The B.C. government has announced, effective immediately, BC Timber Sales will no longer award timber licenses in the Silverdaisy management area in the Skagit Headwaters, commonly known as the “Donut Hole”. This ensures no additional commercial forest harvest will occur in this area.
“This is huge for conservationists and recreationalists on either side of the border. We commend the B.C. government for listening to our concerns. The protection of this area is important not just for the wilderness in British Columbia, but for the aquatic habitat downstream in Washington State,” said Bill Bosch, President of the BC Wildlife Federation.
The BCWF raised concern last year around plans to clear cut large areas of the unprotected “Donut Hole” of lands in the Skagit area, which are surrounded by parks and protected areas. Earlier this year, the BCWF joined more than 110 conservation and recreation groups to oppose the Imperial Metals mining permit for the Skagit Headwaters.

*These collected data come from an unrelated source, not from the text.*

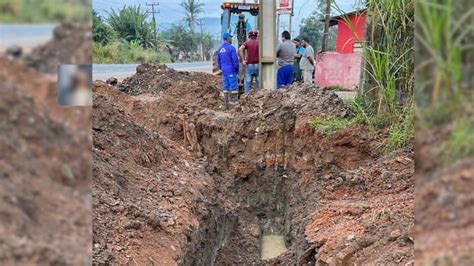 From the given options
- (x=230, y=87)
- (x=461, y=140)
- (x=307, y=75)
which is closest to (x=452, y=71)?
(x=461, y=140)

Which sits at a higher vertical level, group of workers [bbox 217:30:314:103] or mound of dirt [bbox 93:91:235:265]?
group of workers [bbox 217:30:314:103]

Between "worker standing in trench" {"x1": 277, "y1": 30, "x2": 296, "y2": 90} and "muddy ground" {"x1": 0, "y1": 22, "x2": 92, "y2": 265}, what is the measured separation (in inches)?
455

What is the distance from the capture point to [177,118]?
10.5 m

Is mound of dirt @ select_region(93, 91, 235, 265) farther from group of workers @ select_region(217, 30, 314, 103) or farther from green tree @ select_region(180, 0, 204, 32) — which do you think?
green tree @ select_region(180, 0, 204, 32)

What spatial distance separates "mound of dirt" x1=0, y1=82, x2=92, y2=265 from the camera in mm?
1272

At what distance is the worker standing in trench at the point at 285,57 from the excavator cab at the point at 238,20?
2.28 metres

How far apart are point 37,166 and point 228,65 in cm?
1072

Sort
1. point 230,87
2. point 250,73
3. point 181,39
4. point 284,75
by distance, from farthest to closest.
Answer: point 181,39, point 284,75, point 230,87, point 250,73

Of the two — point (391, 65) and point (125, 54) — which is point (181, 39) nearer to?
point (125, 54)

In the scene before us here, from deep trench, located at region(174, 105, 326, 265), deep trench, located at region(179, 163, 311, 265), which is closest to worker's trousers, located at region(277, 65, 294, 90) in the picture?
deep trench, located at region(174, 105, 326, 265)

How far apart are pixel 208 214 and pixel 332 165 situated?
6.73 ft

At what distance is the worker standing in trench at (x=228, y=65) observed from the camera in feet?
38.9

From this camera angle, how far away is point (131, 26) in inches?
1484

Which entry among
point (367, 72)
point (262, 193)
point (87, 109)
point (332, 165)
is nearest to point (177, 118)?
point (262, 193) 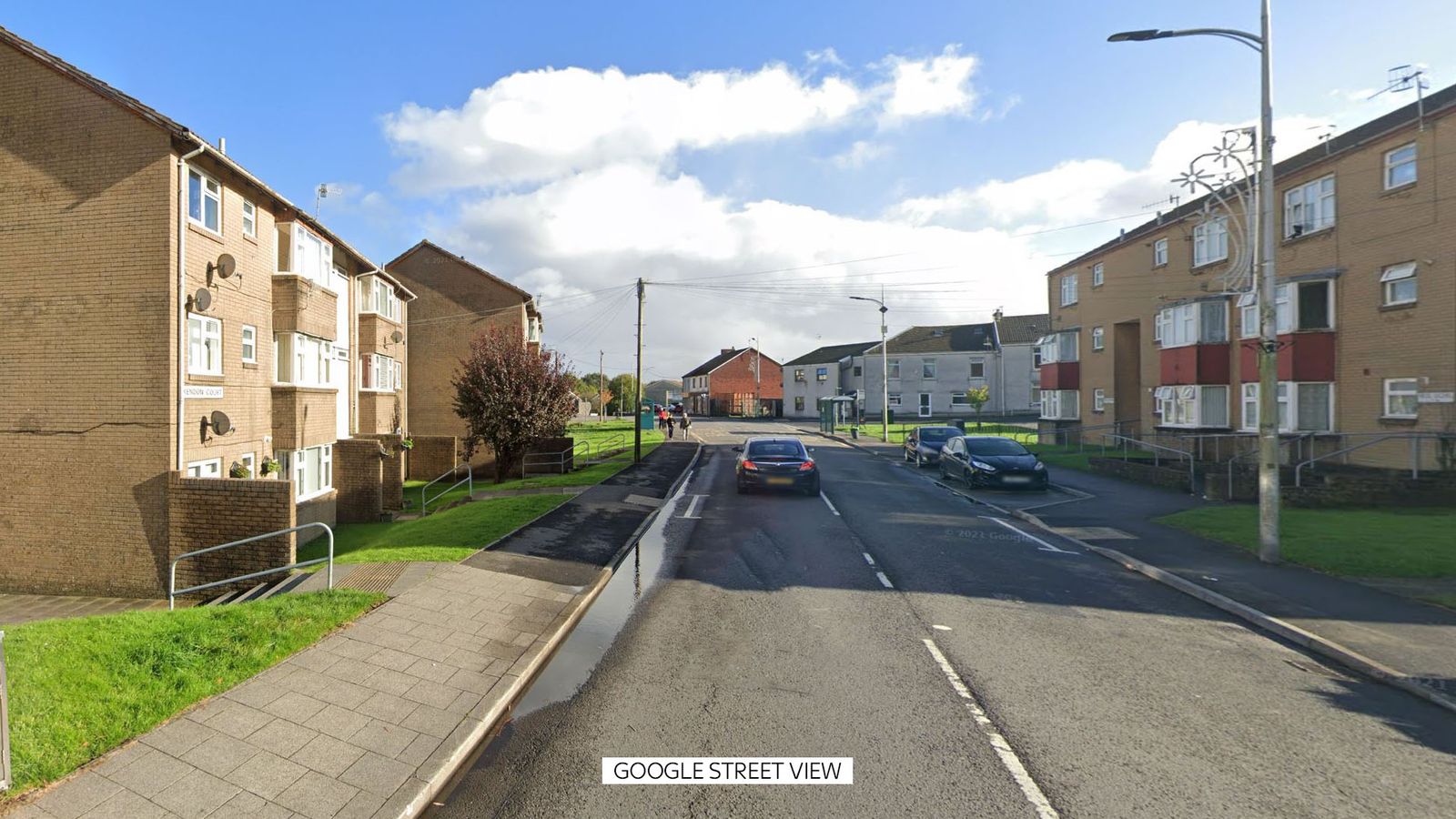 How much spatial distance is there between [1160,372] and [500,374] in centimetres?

The Donut Hole area – is about 5,800 hectares and consists of lands removed from the original Skagit Valley Recreation Area in 1995, Skagit Provincial Forest and lands removed from E. C. Manning Park in 1968. Under the previous government, a timber sale licence was awarded for the Silverdaisy area in 2015, allowing commercial forest harvesting to occur in the area. With the announcement from the B.C. government, timber harvesting under this licence has now ended and no future licences will be awarded by BC Timber Sales.
We’d like to thank all those who voiced their concerns to the B.C. government. Your efforts were not in vain.
This initiative is part of our late Director of Strategic Initiatives, Al Martin’s legacy. Before his passing, Al worked hard with the group that lobbied the government to halt any further logging in this area.